» What is expected:
Transcribe each line below verbatim; pictures excluded.

» Input for this task:

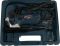 Лобзик Bosch Professional GST 90 E 650Вт 500-3100об/хв хід 26мм 2.3кг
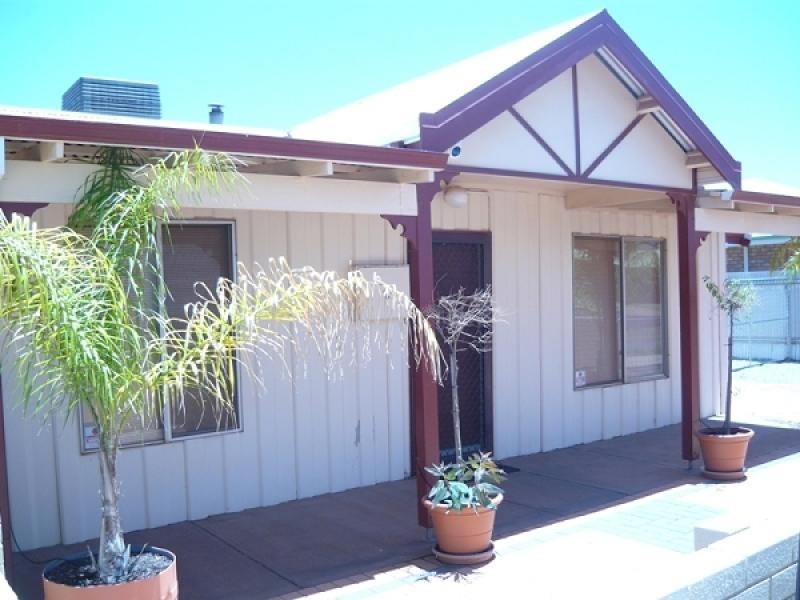 2 Belmont Avenue, Kalgoorlie WA 6430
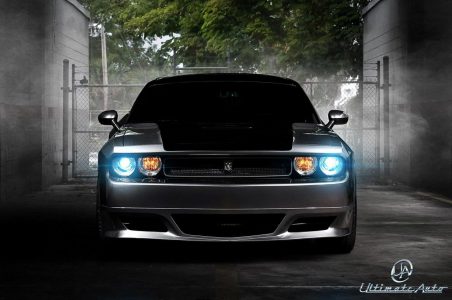 dodge-challenger-srt8-ultimate-auto-7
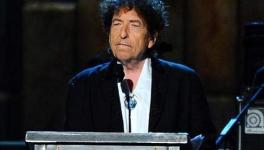 Nobel Laureate Musician Bob Dylan Accused of Sexually Abusing a 12-year-old in 1965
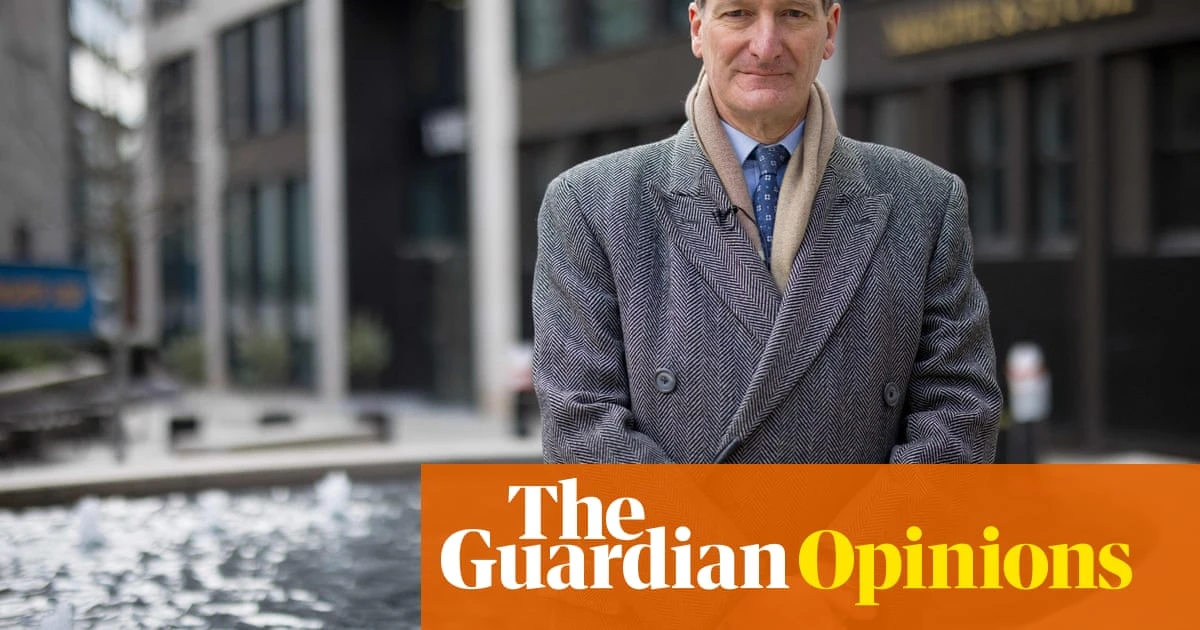 There are three ways moderates could yet save the Tories. One is to renounce Brexit | Polly Toynbee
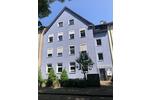 ETW GE Schalke 3,5 Zimmer DG Möntingplatz 2, am Park, Frei !!! zimmer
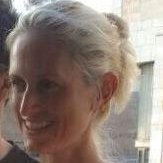 Tali Schwartz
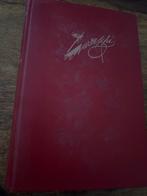 Don Camillo Omnibus - Giovannino Guareschi, Ophalen of Verzenden, Gelezen, Nederland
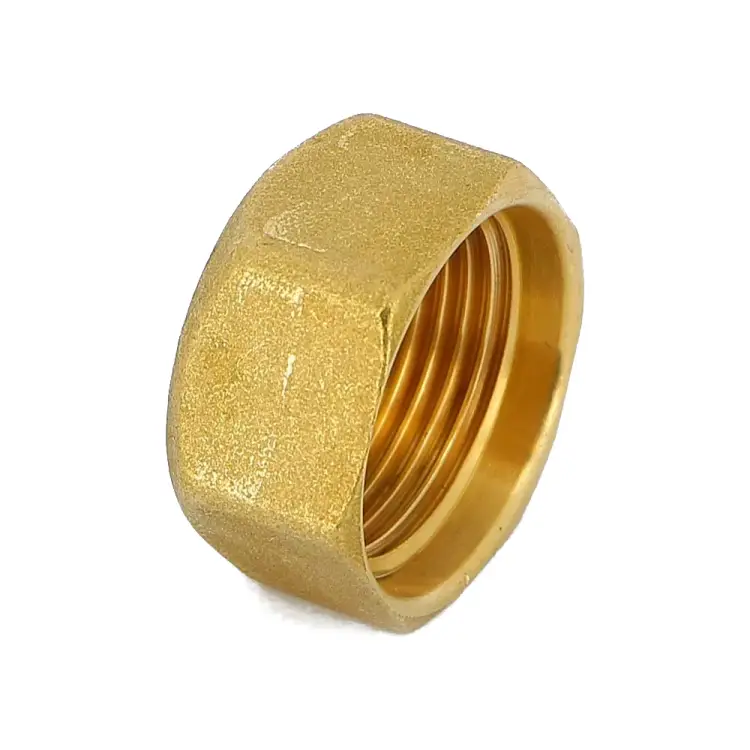 Заглушка Tiemme 1500058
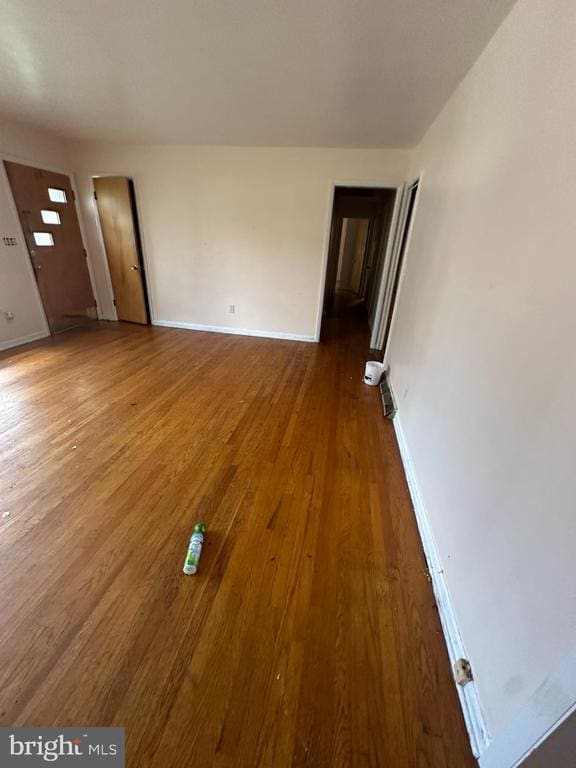 880 Hilltop Dr, Culpeper, VA 22701 - photo 8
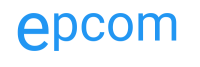 Epcom corporation
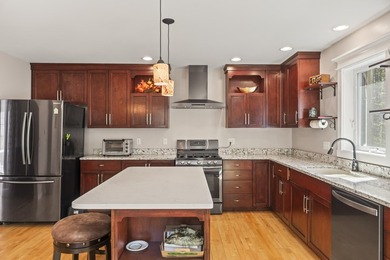 Looking for the ultimate in privacy? This is it! Located just a - photo 29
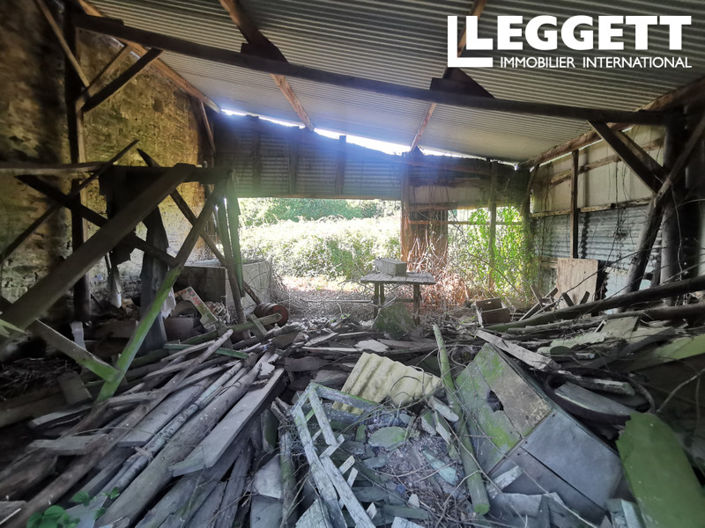 Image No.4-House for sale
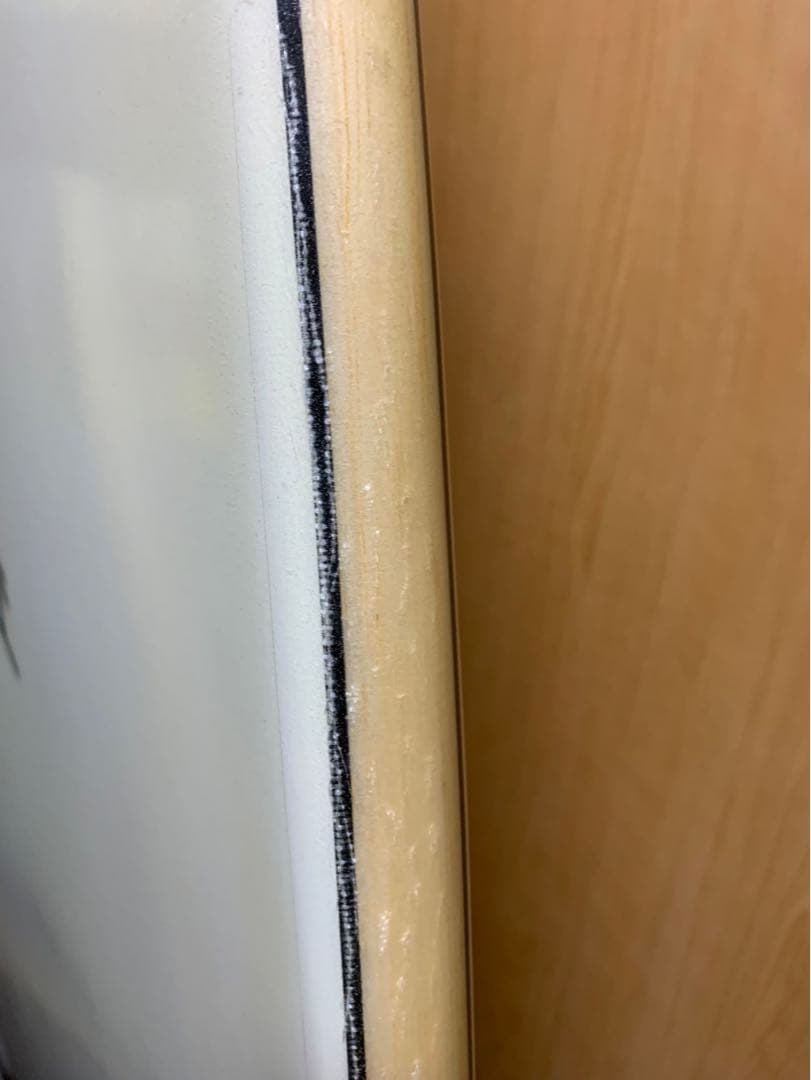 【即購入NG・手渡しのみ】 Firewire ファイヤーワイヤーサーフボード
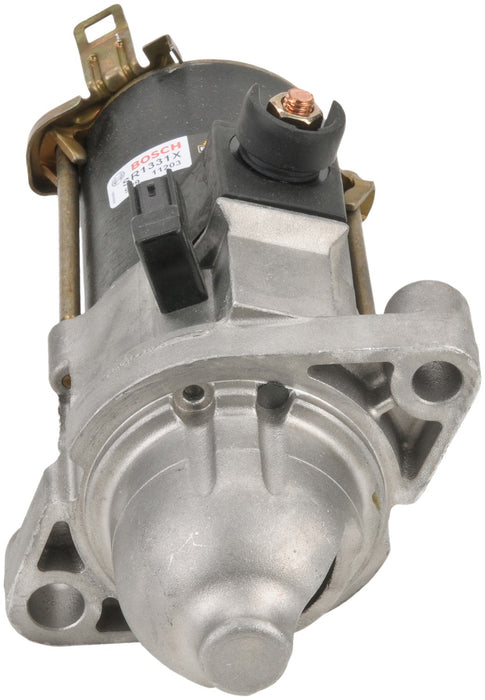 Bosch SR1331X Starter Motor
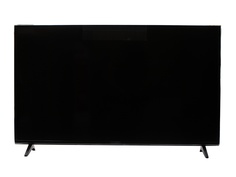 Телевизор LG 43LM5772PLA LED, HDR (2021)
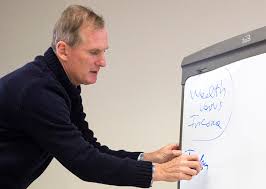 Incorporate business los angeles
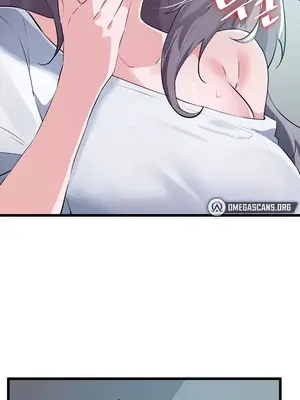 求求你給我能量 1-67話[完結]_010027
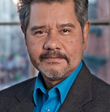 Anthony Ruiz
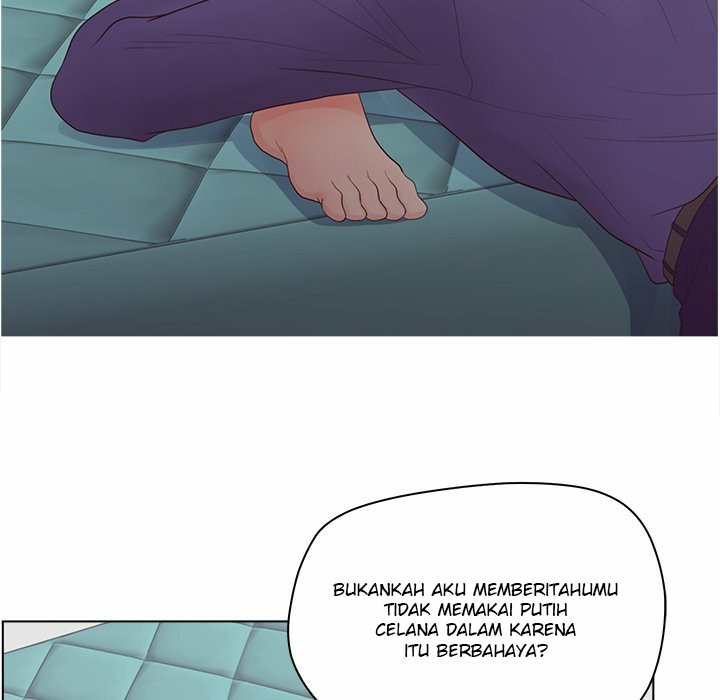 image-komik-share-girls-chapter-16-12/110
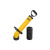 Вантуз сантехнический Rems Pull-Push Rems 170300 R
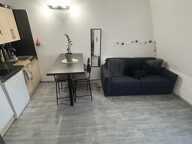 Vente Duplex 2 pièces — photo 4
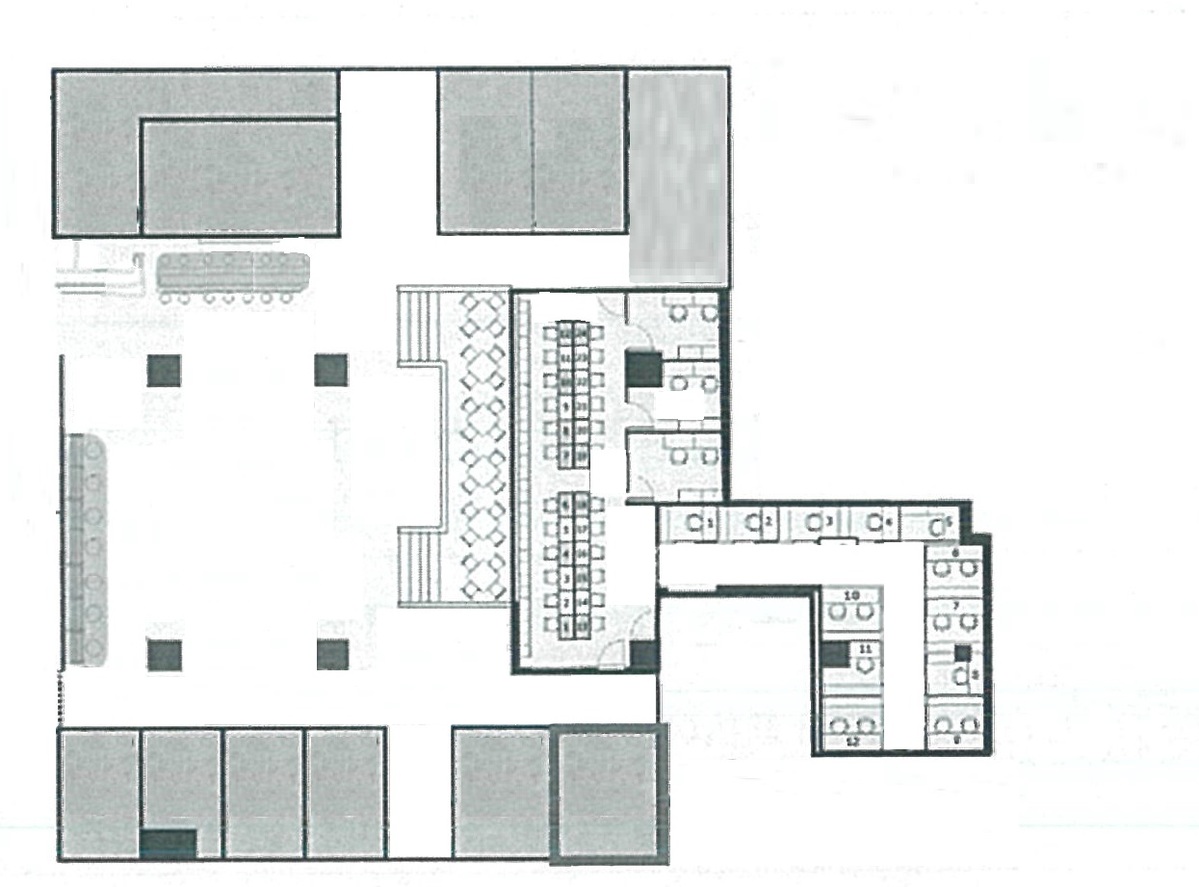 fresh/room/H00102556402_1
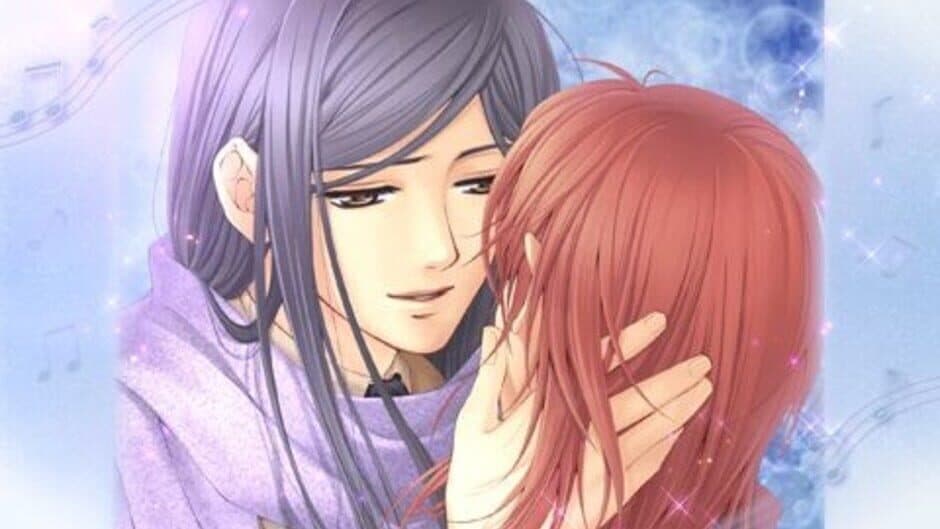 Скриншот 6 из Kiniro no Corda 2f Encore
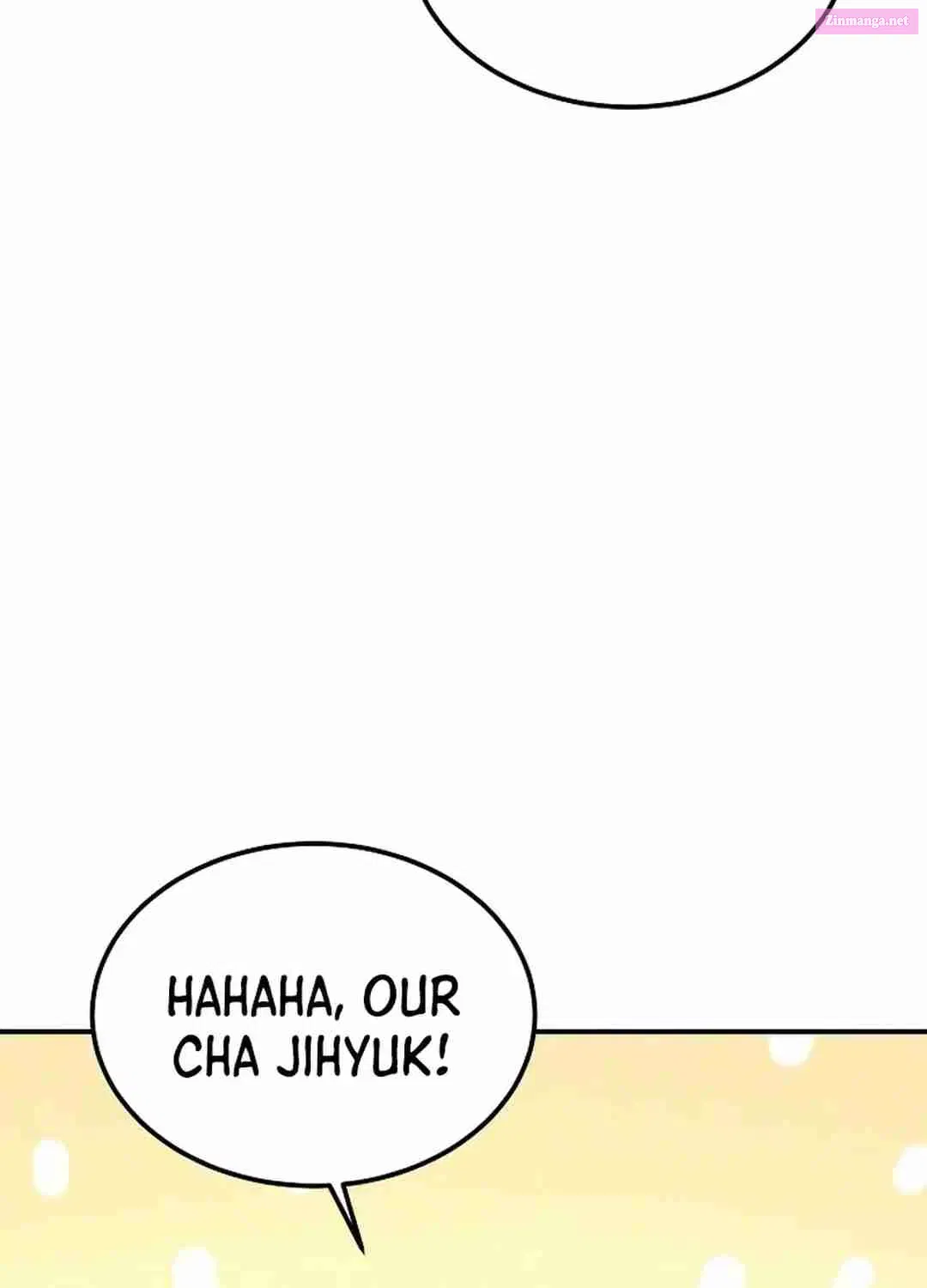 100 Miles Zinmanga X Chapter 30 Page 127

» Written reply:
 Лобзик Bosch Professional GST 90 E 650Вт 500-3100об/хв хід 26мм 2.3кг
 2 Belmont Avenue, Kalgoorlie WA 6430
 dodge-challenger-srt8-ultimate-auto-7
 Nobel Laureate Musician Bob Dylan Accused of Sexually Abusing a 12-year-old in 1965
 There are three ways moderates could yet save the Tories. One is to renounce Brexit | Polly Toynbee
 ETW GE Schalke 3,5 Zimmer DG Möntingplatz 2, am Park, Frei !!! zimmer
 Tali Schwartz
 Don Camillo Omnibus - Giovannino Guareschi, Ophalen of Verzenden, Gelezen, Nederland
 Заглушка Tiemme 1500058
 880 Hilltop Dr, Culpeper, VA 22701 - photo 8
 Epcom corporation
 Looking for the ultimate in privacy? This is it! Located just a - photo 29
 Image No.4-House for sale
 【即購入NG・手渡しのみ】 Firewire ファイヤーワイヤーサーフボード
 Bosch SR1331X Starter Motor
 Телевизор LG 43LM5772PLA LED, HDR (2021)
 Incorporate business los angeles
 求求你給我能量 1-67話[完結]_010027
 Anthony Ruiz
 image-komik-share-girls-chapter-16-12/110
 Вантуз сантехнический Rems Pull-Push Rems 170300 R
 Vente Duplex 2 pièces — photo 4
 fresh/room/H00102556402_1
 Скриншот 6 из Kiniro no Corda 2f Encore
 100 Miles Zinmanga X Chapter 30 Page 127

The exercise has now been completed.